Both Michael Hofmann and David Ferry stamp their translations with very contemporary words and expressions that don’t necessarily fit with the time-period of the work they’re translating. I’ve followed this method as well, trying to respect the original while molding it to the English that my contemporaries speak.
Although I love theory, I’m not a very theoretical translator. I don’t have a theory of translation. Not yet, at least. Perhaps an epigram from my beloved José Antonio Ramos Sucre could serve as my mantra as a translator: “A language is the universe translated into that language.”
What is the translator’s relationship to the authorship of a translated text?
I think this varies with the translator and the text. I often feel like I’m an actor, playing certain roles when I’m translating a particular text. There’s a certain vibration that emerges between the text and myself, a tension. I’m trying to be “faithful” to the text, while dissolving it and bringing it into a new form. I can’t help but feel like a collaborator with the writer whose work I’m translating. I like how translation confuses people sometimes. Who wrote this? I love the blurring of identities that can occur in translation. The translator is like this phantom that hovers beside the reader. Just like the author of the text hovers beside the translator. I feel just as close to the texts I translate as I do to my own poems and essays.

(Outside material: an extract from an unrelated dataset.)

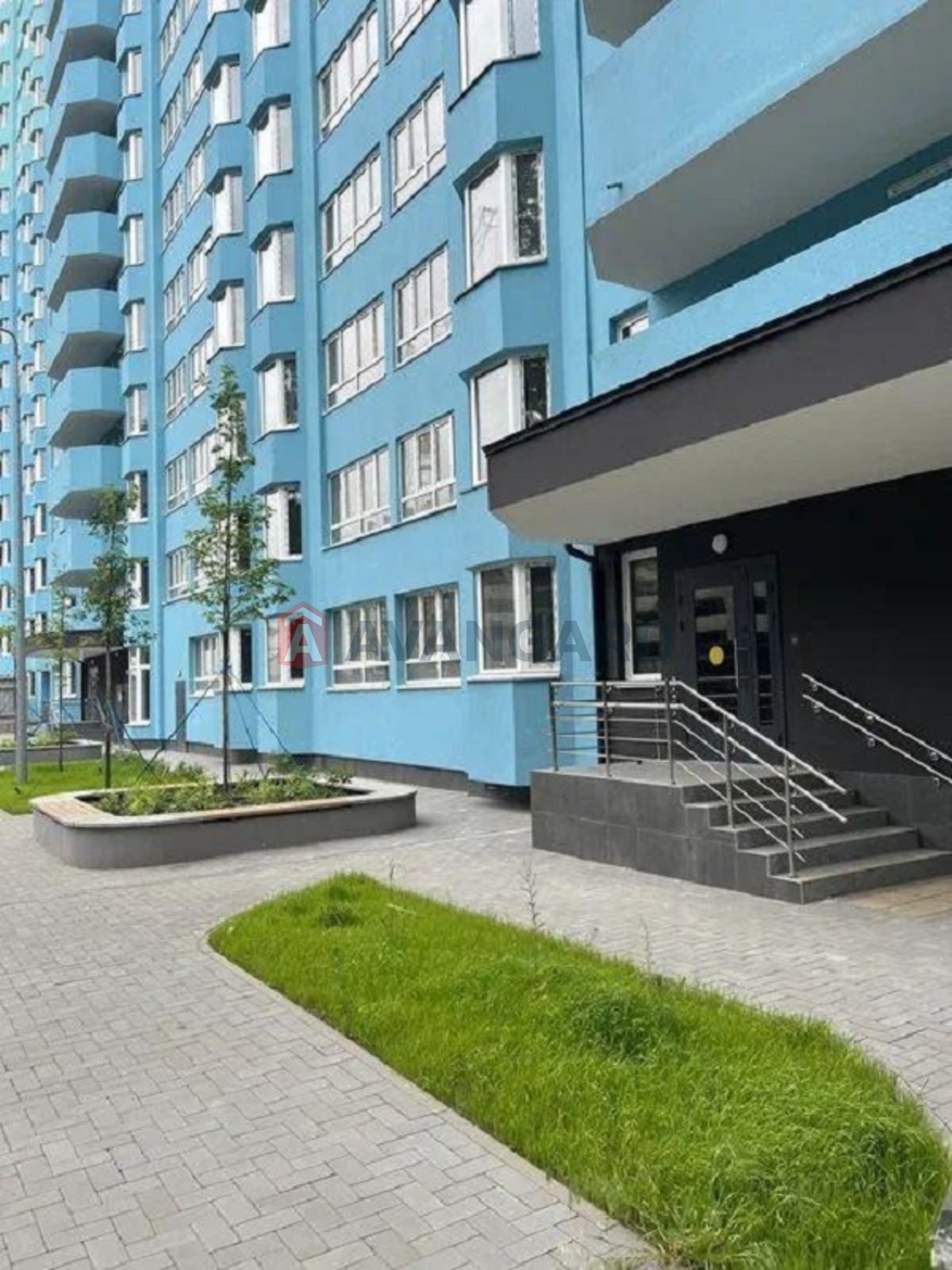 2 . , 48/-/10 . ., 23/25   1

You previously translated the poems of José Antonio Ramos Sucre, and your next translation is of The Conspiracy by Venezuelan novelist, Israel Centeno. How was it to translate fiction rather than poetry, and how is it for you to be the first English translator of Centeno, a writer who’s published more than fifteen works in Venezuela?
I first met Israel in Caracas in 2007. I was down there visiting my father and I e-mailed Israel, whose work I had discovered in the early 2000s and whose blog I had been reading for several years. On subsequent visits to Venezuela I would always hang out with Israel and his wife Graciela. Israel used to go hiking regularly in the Mount Ávila state park that overlooks Caracas, and I accompanied him on these hikes whenever I could. When the opportunity to translate one of his novels arose, I was thrilled.

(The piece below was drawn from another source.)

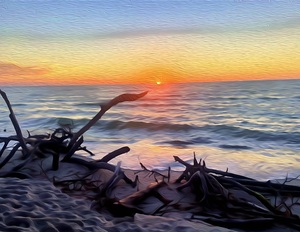 BeCasso 2024 05 17 09 46 14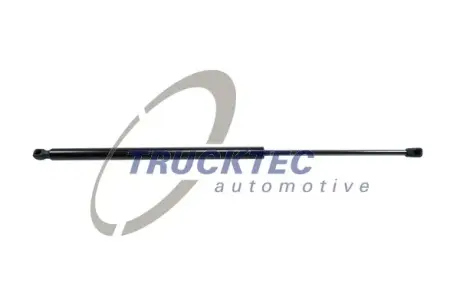 Амортизатор кришки багажника TRUCKTEC 02.62.009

Probably the biggest difference with translating The Conspiracy is that I had a deadline. Previously, with my Ramos Sucre translations, I spent about three years posting my translations as I wrote them on Venepoetics, becoming more and more obsessed with Ramos Sucre. But it wasn’t for anyone, other than friends and readers of my blog.
With The Conspiracy, I was definitely overwhelmed by the pace imposed by a deadline. I was intimidated by the length of the manuscript, and by the variety of characters and situations I had to render in English.

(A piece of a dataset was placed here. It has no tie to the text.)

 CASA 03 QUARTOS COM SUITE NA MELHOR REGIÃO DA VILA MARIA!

Israel began as a poet and his work is often imbued with poetic elements. He was one of the people in Venezuela who helped me, for instance, during my research on José Antonio Ramos Sucre. This made the shift between poetry and fiction less abrupt.
Now I’m really looking forward to seeing what happens when the book is officially published, in the late spring or early summer. With my role as Israel’s translator, I’m nearly invisible, and I like that. With the Ramos Sucre translation, I’m constantly speaking for him at talks or readings. I’m here in 2014, alive, more or less representing Ramos Sucre. With Israel’s book, on the other hand, he’s around to present and discuss his own work, so I get to sit backstage and watch. This is what I love about translation, that I get to be a type of actor, I have the chance to become other people, other voices.
Guillermo Parra (Cambridge, MA, 1970) is a poet and translator. He has published José Antonio Ramos Sucre: Selected Works (University of New Orleans Press, 2012), which was included by World Literature Today in its list of “75 Notable Translations 2012.” He writes the translation blog Venepoetics and lives in Pittsburgh.